> _Data excerpt_:

[Start of section]

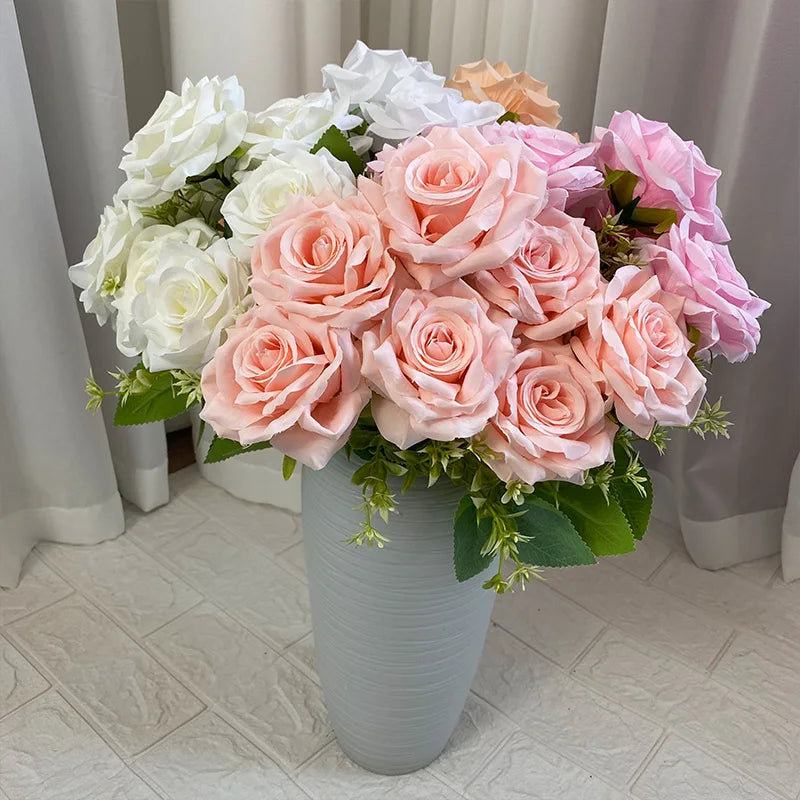China Factory Good Quality Wall 7-Head Paris Rose Artificial Flower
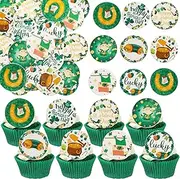 Ephlyn 48Pcs Edible St Patrick's Day Cupcake Topper Wafer Paper Lucky Four Leaf Clover Cupcake Toppers Picks for St Patrick's Day Party Irish Holiday Party Decorations Supplies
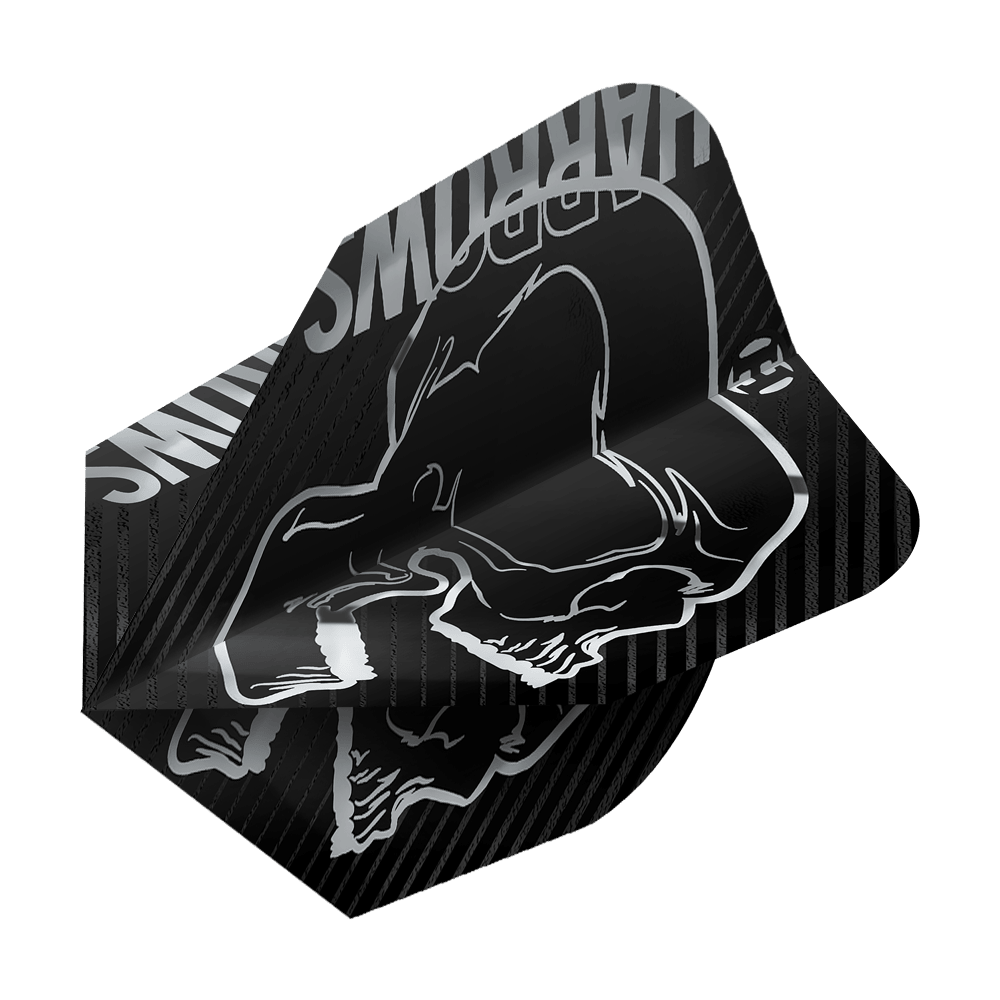 Vols Silver No6 de Harrow's Rage Das Bild zeigt ein schwarzes Dartflight mit einem silbernen Totenkopf-Design. Oben ist der Schriftzug "HARROWS" in Silber zu sehen.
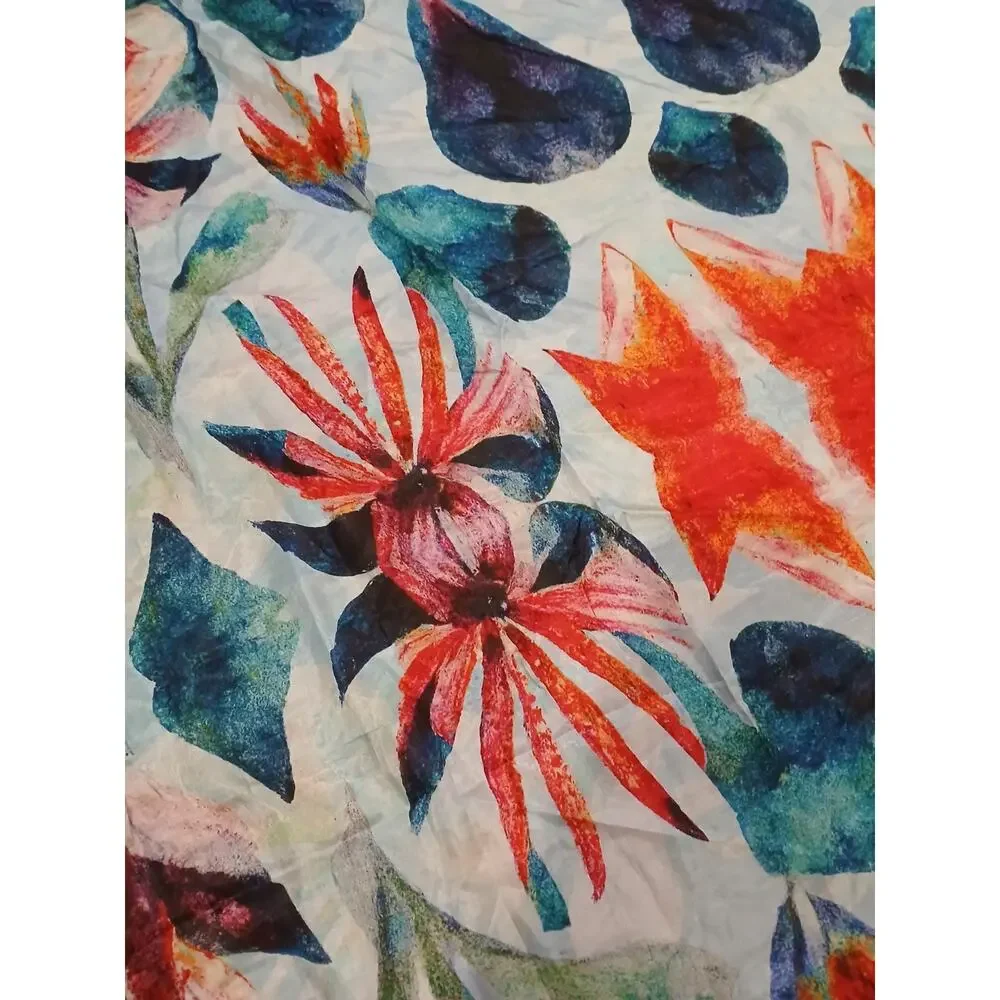 100% SILK‎ Scarf Vietri Milano Long Wrap 41x69 Blue Colorful Modern Art Tropical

[End of section]

> _The problem_: Restate word for word the lines from the one with "Ephlyn 48Pcs Edible" to the end of the material, both included. Do not include the pictures.

> _Answer to the exercise_:
 Ephlyn 48Pcs Edible St Patrick's Day Cupcake Topper Wafer Paper Lucky Four Leaf Clover Cupcake Toppers Picks for St Patrick's Day Party Irish Holiday Party Decorations Supplies
 Vols Silver No6 de Harrow's Rage Das Bild zeigt ein schwarzes Dartflight mit einem silbernen Totenkopf-Design. Oben ist der Schriftzug "HARROWS" in Silber zu sehen.
 100% SILK‎ Scarf Vietri Milano Long Wrap 41x69 Blue Colorful Modern Art Tropical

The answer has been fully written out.